This panorama shot is a little deceiving. Straighten out the beach and the lounges and you get a more accurate picture. As you can see, the beach isn’t such a big secret, either, but it might as well be if you’re the type who believes what they read in mainstream blogs and publications.

white rabbit menu

After I wrote The Mellow Side of Ochheuteal Beach, a local complained that she wished I hadn’t published it. I assured her that most backpackers didn’t visit my site, so the secret was safe. Just to be on the safe side, I’m not going to reveal where this beach is. The photo should make it obvious, but finding the entrance to the beach isn’t so obvious. I’ll give you a hint, though. I took the photo a few days ago when the wind was blowing hard on other beaches in Sihanoukville. This one was sheltered from the prevailing wind. I hung out at White Rabbit and enjoyed lunch and coffee between swims and reading. The weather took a turn for the worse in the afternoon, but the couple of hours I spent at the beach made my weekend complete. I’d just spent a marathon week of work and needed a break.

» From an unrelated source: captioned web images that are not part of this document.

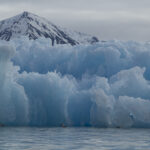 A wall of jagged ice in front of a mountain
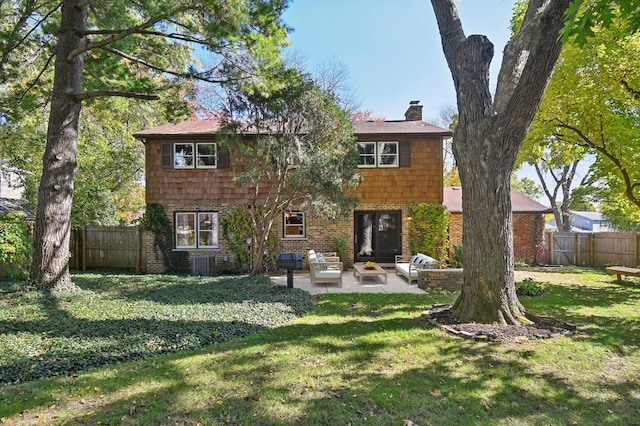 rear view of house featuring outdoor lounge area, a yard, central AC, and a patio area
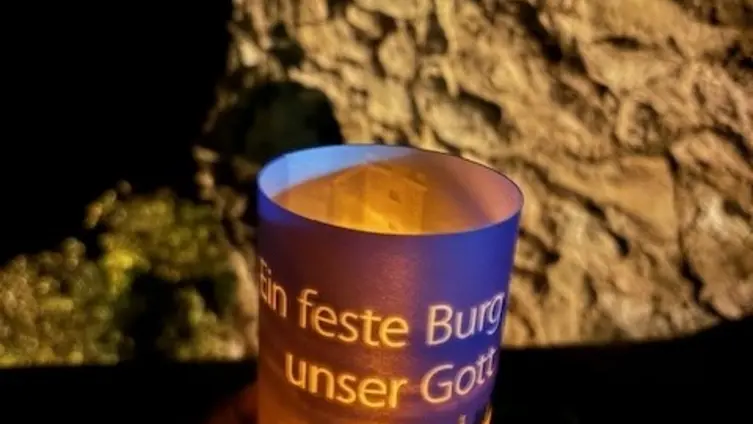 Es ist dunkel. Eine Hand hält ein kleines Licht mit einem Transparent und der Aufschrift: Ein feste Burg ist unser Gott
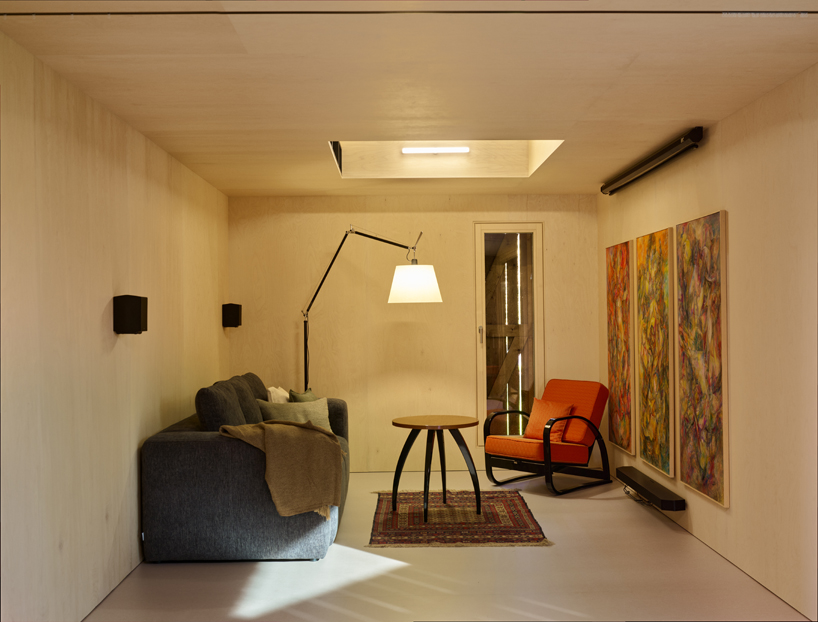 black asphalt and birch plywood shape compact retreat within czech barn - 9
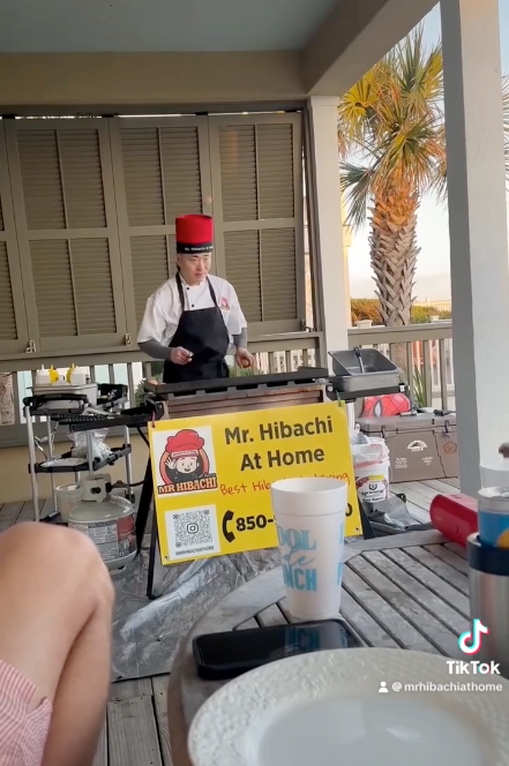 Hibachi chef at a mobile grill on a covered porch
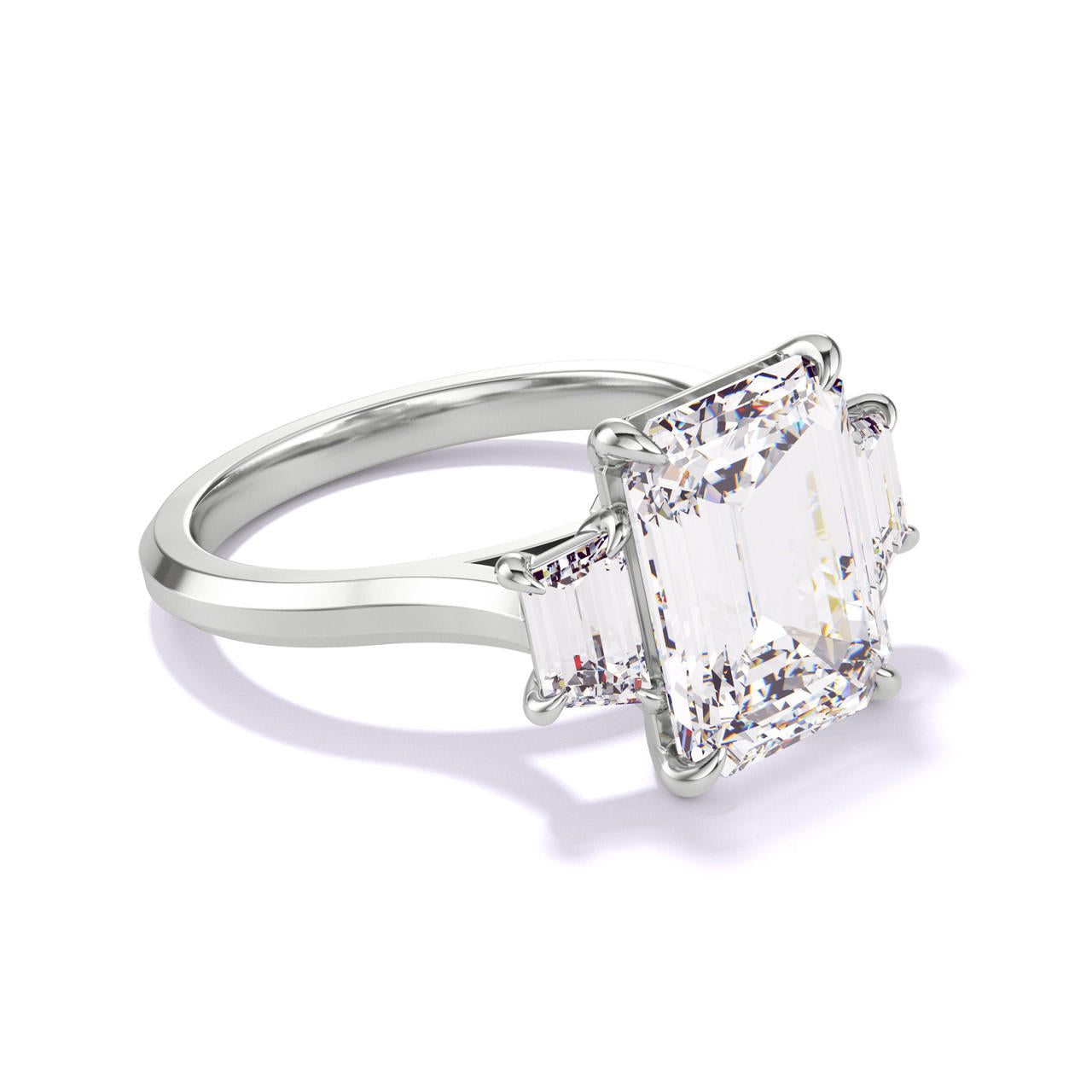 EMERALD CUT DIAMOND ENGAGEMENT RING WITH A TRAPEZOID FLANK THREE PHASES SLIM SETTING IN PLATINUM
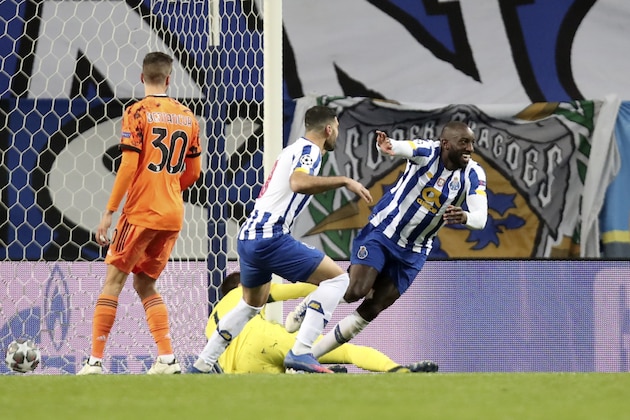 Porto's Moussa Marega, right, celebrates after scoring his side's second goal during the Champions League round of 16, first leg, soccer match between FC Porto and Juventus at the Dragao stadium in Porto, Portugal, Wednesday, Feb. 17, 2021. (AP Photo/Luis Vieira) Porto's Moussa Marega, right, celebrates after scoring his side's second goal during the Champions League round of 16, first leg, soccer match between FC Porto and Juventus at the Dragao stadium in Porto, Portugal, Wednesday, Feb. 17, 2021. (AP Photo/Luis Vieira)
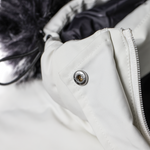 Close-up of a white jacket with a button and zipper detail.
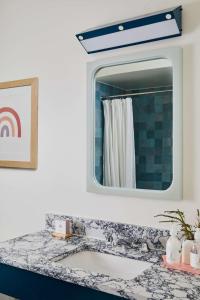 a bathroom with a sink and a mirror at Wayfinder Newport in Newport +192 photos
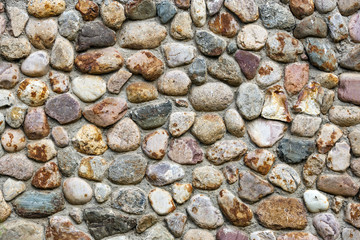 The wall of the building from the sea of boulders of different colors, round shape.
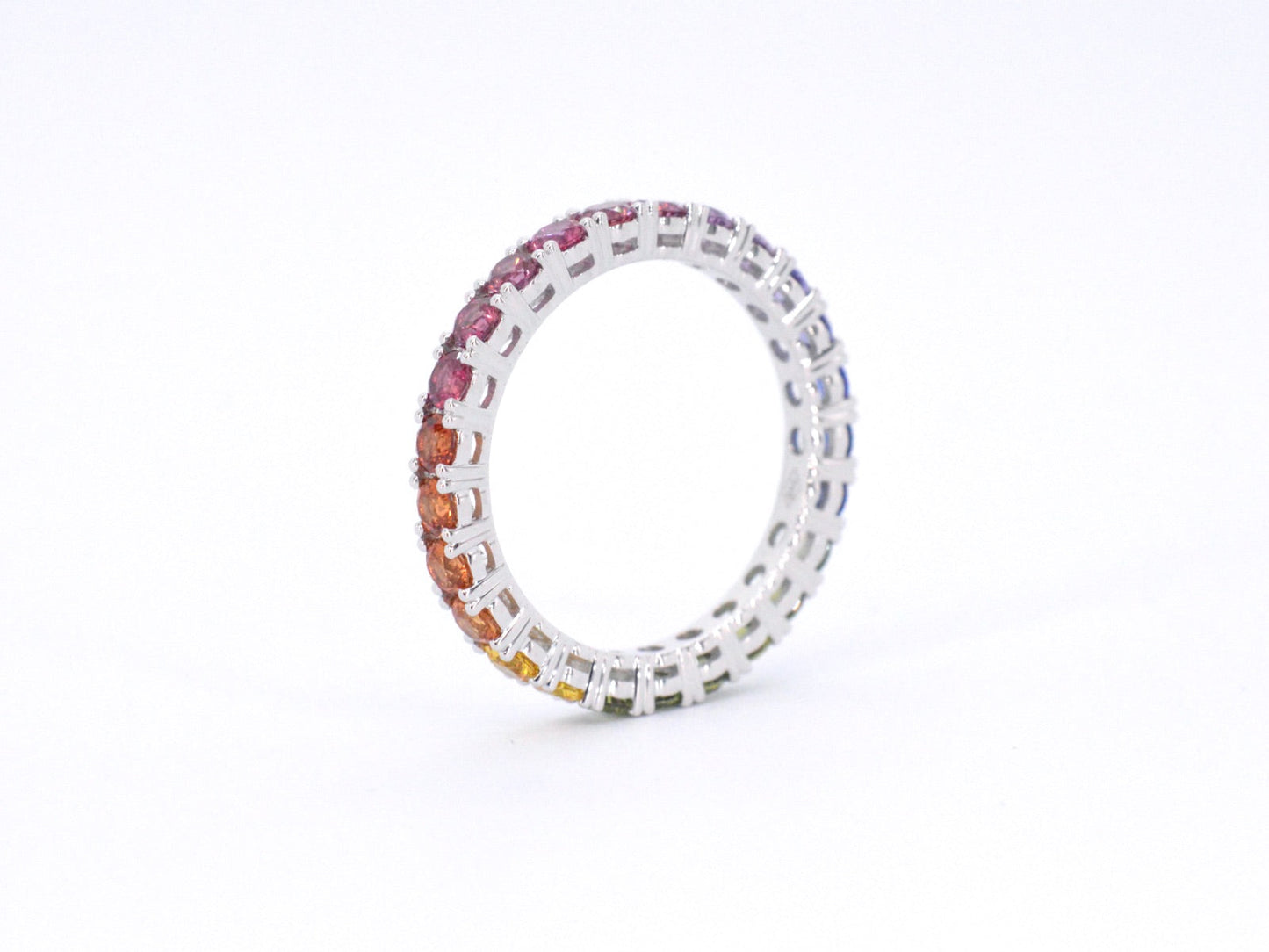 White gold ring with multicoloured sapphires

This beach was just one of three I could have chosen to spend my time at. I chose this one because I wanted a Western meal. Just down the road is an even more secret (to Westerners) beach, but the food is all Khmer and there’s not as much sand on the beach. Just up the road is another beach that has a stretch of empty sand next to a couple of Khmer-run restaurants.

These three secret beaches of Sihanoukville are within five minutes ride on a motorbike from each other. If I had more time and took my own supplies, I could go out of town and find completely empty beaches or beaches that are frequented by a handful of Cambodians on picnics only.

The point of this little exercise is to demonstrate how limited mainstream sites are in their coverage of any destination. Fair enough, your first stop should probably be a more frequented part of any city, but if hanging out with backpackers isn’t your thing, avoid the places backpackers tell you to go to. Instead, take the side roads and see what you find. If nothing else, you’ll have an interesting day and you just might find a little patch of paradise hidden away between the tourist traps.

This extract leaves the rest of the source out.